Tuesday, May 25, 2004

Relationships

Mornin.. Hmm, that’s right ... mornin :) We’ve been up for a while with the intentions of checking out our J-block, but found ourselves checking out some of the new sites John G. And Jeanne have scouted out. It was very interesting trying to de-script some of the terminology and customs. Seems that folks in the UK look forward to vacations (being on holiday) and have similar troubles with getting through work and/or securing the proper mates as we seem to have here in the US.

We found one journal in particular that we would really enjoy going back to, so have included it on our list. Hehe - I think he tends to write-on at length as we do, so that earned an extra smile! Mostly, I love it when we get to hear other people thinking. I think our favorite all time study in in how the mind works. Seems we’ve all got at least one or so and the practice of its practical use is uncanny. Welcome to our thoughts, "Thinkerer!"

We had an acceptable day yesterday. The best part was being at Dr. M’s. It took us (Casey) a while to be adjusted, because Dr. M’s. office was redecorated. He’s got a new couch, chairs, and desk. Rather abrupt to loose the couch you’ve taken to as your second home, even if we did have warning! The decision on this change was positive. The new couch is comfortable and Dr. M’s choice in colors is very good.
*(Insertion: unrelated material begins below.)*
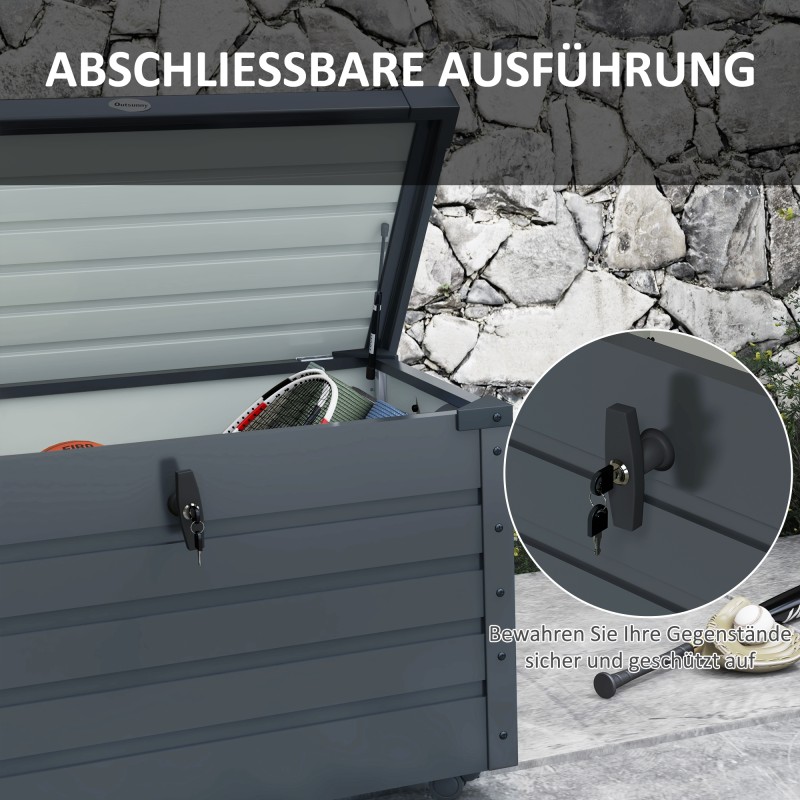 Pihasäilytyslaatikko galvanoitu teräs 100 x 62 x 65 cm 295 l tummanharmaa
There was one problem in that during his moving things about, he’d inadvertently covered up Casey’s picture of Dog ... That didn’t go over so well. But, alas ... Casey’s not one to hold a grudge!

Older parts had a chance out after not too long, though we’re thinking its pretty hard on Casey to be giving up her time with Dr. M. She knows more about sharing than most her age, but it’s difficult for her nonetheless. We’ve seen that also in her relationship with our friend. Nothing to do, but encourage her in the part that people don’t go away for too long and there’s always help around the next corner. And, yes ... it’s ok to have favorites!
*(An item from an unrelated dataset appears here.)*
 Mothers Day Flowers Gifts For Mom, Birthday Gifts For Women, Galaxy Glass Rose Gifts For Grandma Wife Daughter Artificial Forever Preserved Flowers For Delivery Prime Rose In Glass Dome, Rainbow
Not too sure what all was talked about. I know a good part of it was centered on our friend. I think the system has been feeling neglected by him and has been having feelings about this. Basically, he is only seen about 2-3 hours a week and sometimes that doesn’t seem enough to keep a friendship up to date. There really is not alot of other personal contact.Wouldn’t be so bad, but we have so few relationships ... we put a lot of stock in just this one. We’re trying to tame our ambition.

We’ll get a chance to go out to dinner tonight. Although, we’ve known our friend about 10 years, we’ve only turned him down for a night out 2-3 times. We did that on Saturday night. We were pretty indignant. We’ll have to work through what that experience entailed. Or not, maybe water under the dam? Hmm, probably not :) We’re like that you know? There are still hurt feelings involved. We won’t accept becoming a casual friend without a fight!
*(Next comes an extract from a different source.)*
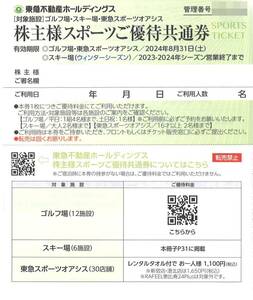 「東急不動産ホールディングス 株主優待」株主様スポーツご優待共通券(1枚) 有効期限2024年8月31日　ゴルフ場/東急スポーツオアシス/スキー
There was one other part of the conversation that is being somewhat held this morning. I’m doubting that we will be able to convey it here any better than we did with the good Dr. I don’t know ... maybe it is a general form of the process of taking stock in one’s life. But, we’ve been having some pretty strong feelings in the relationship to Dr. M. of late. We fell just short of thinking of him as the "perfect" person. Maybe this is common in a lot of therapeutic relationships. It doesn’t feel common.

We admitted that in all the years with him ... We’re coming up to the fifth ... the worse complaint we’ve ever had with him, is that sometimes he’s just too happy! Yeah, I know ... a far from critical response of the man. Hehe. One of the aspects noted was that the boundaries between us are so well established. I think this is centered around his ability and ours to be respectful of the other. I don’t think this happens between people as often as it should.

When I’m with him ... and now days, even when we’re not ... we feel like we are an important person. Not more so than others, but definitely, not less so. We have the impression that he’s highly sought after as a counselor from most his patients. The time is spent with each would be undividedly. He’s set the bar high for many of our other relationships. Think this is part of the problem between our relationship to our friend. It’s not fair to him to be comparing the two relationships, but if you’ve ever really been listened too and understood, you know the feeling and never want to go back to anything less.

We’re trying to get past the gushing part of our feelings. We’re guessing that you all must get tired of hearing about our relationships ... as limited as they are in number. I don’t think though, that I was ever interested in knowing a great number of people. We’re far more likely to be concentrating on the few great relationships that are out there. Pretty much for now, we’re focused on only Dr. M., our oldest son, Sr. Tess, our friend, and you all. Pretty chummy group ... I think besides Dr. M., that you all know us "persona grata" better than most.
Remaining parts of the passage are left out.